EXERCISE OBJECTIVE:
Write the records below out in full, character for character, with no pictures.

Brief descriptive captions
···
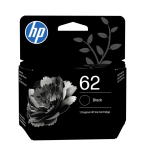 Tindikassett HP 62 must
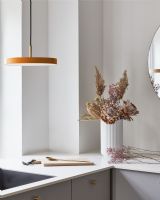 Asteria Mini Pendel - Orange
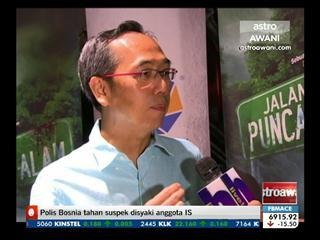 David Teo gembira dengan pencapaian Shaheizy Sam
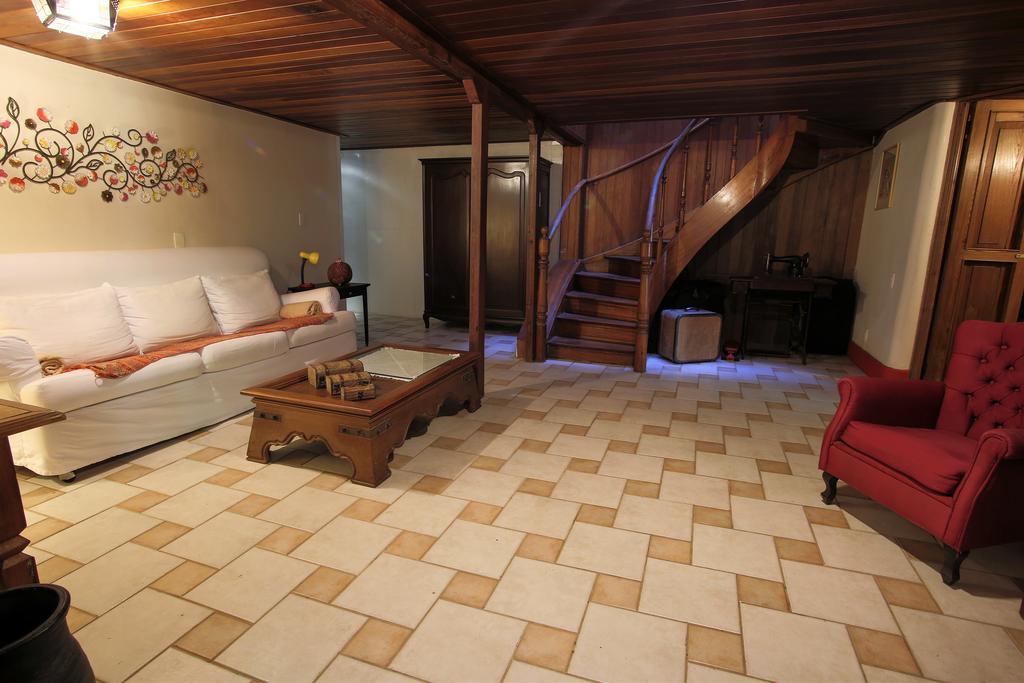 Hotel Solar Do Cosme à Rio de Janeiro Extérieur photo
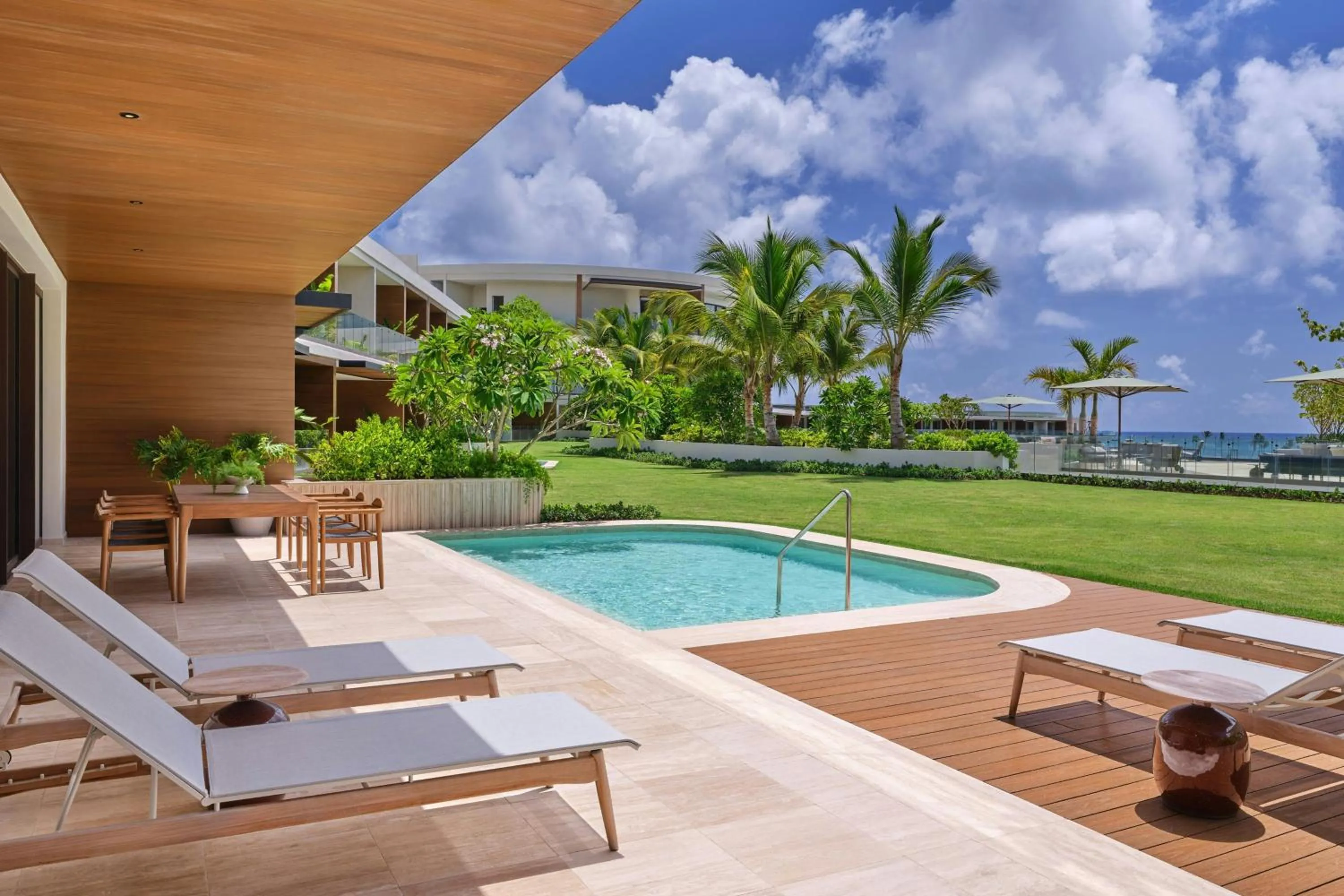Photo of the whole room in The St. Regis Cap Cana Resort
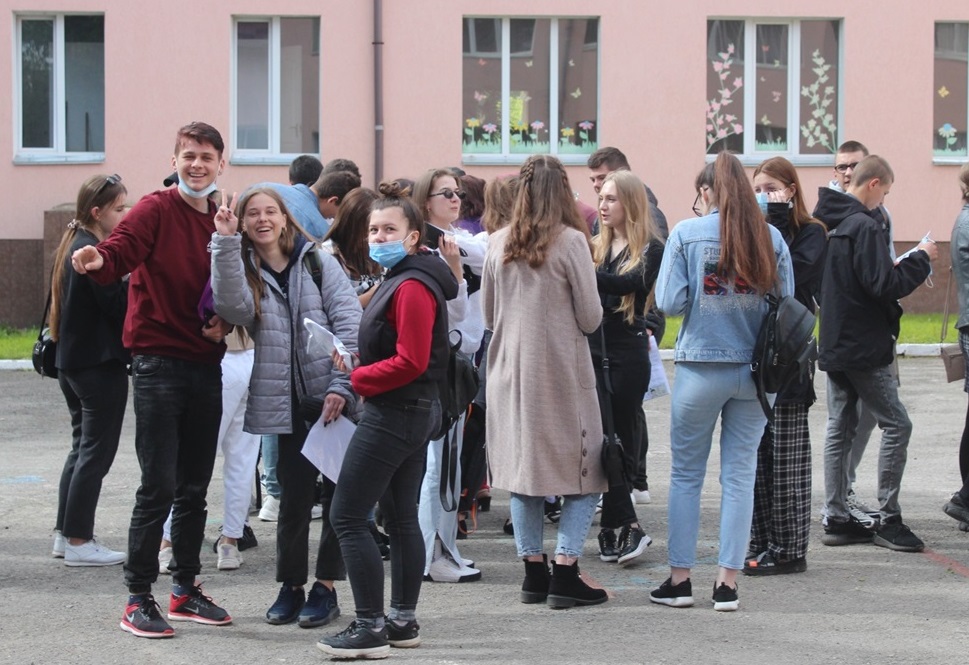 Журналістів Городок.City вони зустрічали посмішками, охоче фотографувалися і жартували.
···
FINAL ANSWER:
 Tindikassett HP 62 must
 Asteria Mini Pendel - Orange
 David Teo gembira dengan pencapaian Shaheizy Sam
 Hotel Solar Do Cosme à Rio de Janeiro Extérieur photo
Photo of the whole room in The St. Regis Cap Cana Resort
 Журналістів Городок.City вони зустрічали посмішками, охоче фотографувалися і жартували.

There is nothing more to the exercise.